Aran bergeming. Wajahnya tegang dan matanya tetap mendelik tajam. Ia tak menunjukkan respek sama sekali kepada Elsa Kinari.
"Kasus ini bisa diselesaikan dengan cara damai. Kalau anda memilih cara damai, keluarga saya menanggung biaya pengobatan anda. Lagipula itu cuma luka kecil, bukan? Lalu soal foto-foto itu, Keisha bisa menghapusnya. Dan, saya bisa kasih uang damai."
Raisa menggeleng. "Nggak bisa." Gadis itu langsung menatap tajam Keisha yang baru saja memasuki ruangan, kemudian mengambil tempat di sebelah Elsa. "Bukan cuma kali ini saya diganggu. Ke depannya saya tidak bisa menjamin kalau saya akan diganggu lagi atau tidak."
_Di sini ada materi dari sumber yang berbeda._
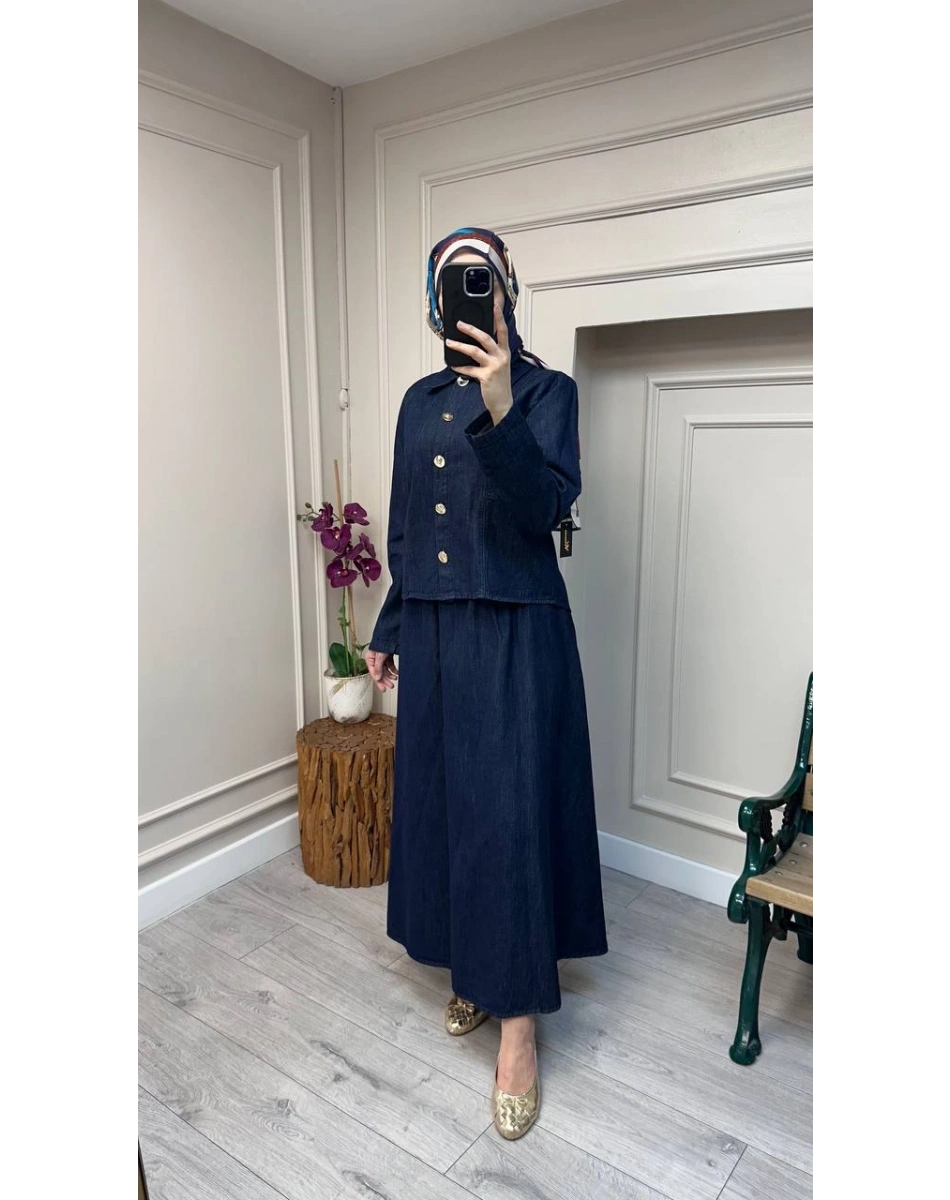 Magazin 7478 Koyu Mavi Etekli Takım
Elsa mendengus. "Angkuh sekali anda! Asalkan anda tahu, kalau anda membawa kasus ini ke ranah hukum, saya mampu membayar pengacara berpapapun. Saya sewa pengacara handal yang mampu memastikan bahwa akhirnya anda yang bakal kalah dan malu. Saya sudah berbaik hati dengan menyelesaikan masalah ini secara kekeluargaan."
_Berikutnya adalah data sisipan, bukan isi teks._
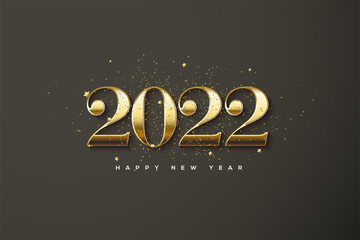Happy new year 2022 with majestic luxury gold numbers.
"Silahkan, Tante!" Aran menjawab dengan nada tinggi. "Tante sepertinya lupa kalau ayah saya juga orang hukum!"
Hati Keisha mendadak ngilu mendengar kegigihan Aran untuk menghukumnya kali ini. Bahkan, lelaki itu tak melirik Keisha sama sekali. Gadis itu tidak mampu menerima bahwa sekeras apapun yang ia lakukan, Aran sudah lepas dari genggamannya.
"Kamu nggak ingat?" Elsa tertawa getir. "Ayahmu itu bangkrut! Siapa yang mengalirkan dana dan membangkitkan namanya? Joseph Westring! Suami saya."
Raisa sontak menggenggam tangan Aran. Mulutnya ternganga mendengar fakta bahwa sebesar itulah pengorbanan keluarga Keisha untuk Aran. Apakah itu sebabnya selama ini Aran bersabar dengan Keisha? Mereka terikat hubungan balas budi.
Belum sempat Aran menjawab, seorang wanita setengah baya menyerobot masuk ke dalam ruangan. Dengan wajah memerah dan tampak murka, Maya Kamila tiba di tempat dan mendelik tajam kepada Elsa.
Elsa tersenyum tipis. "Ibu dari gadis muda ini? Silahkan duduk dulu! Kita bisa bicara...."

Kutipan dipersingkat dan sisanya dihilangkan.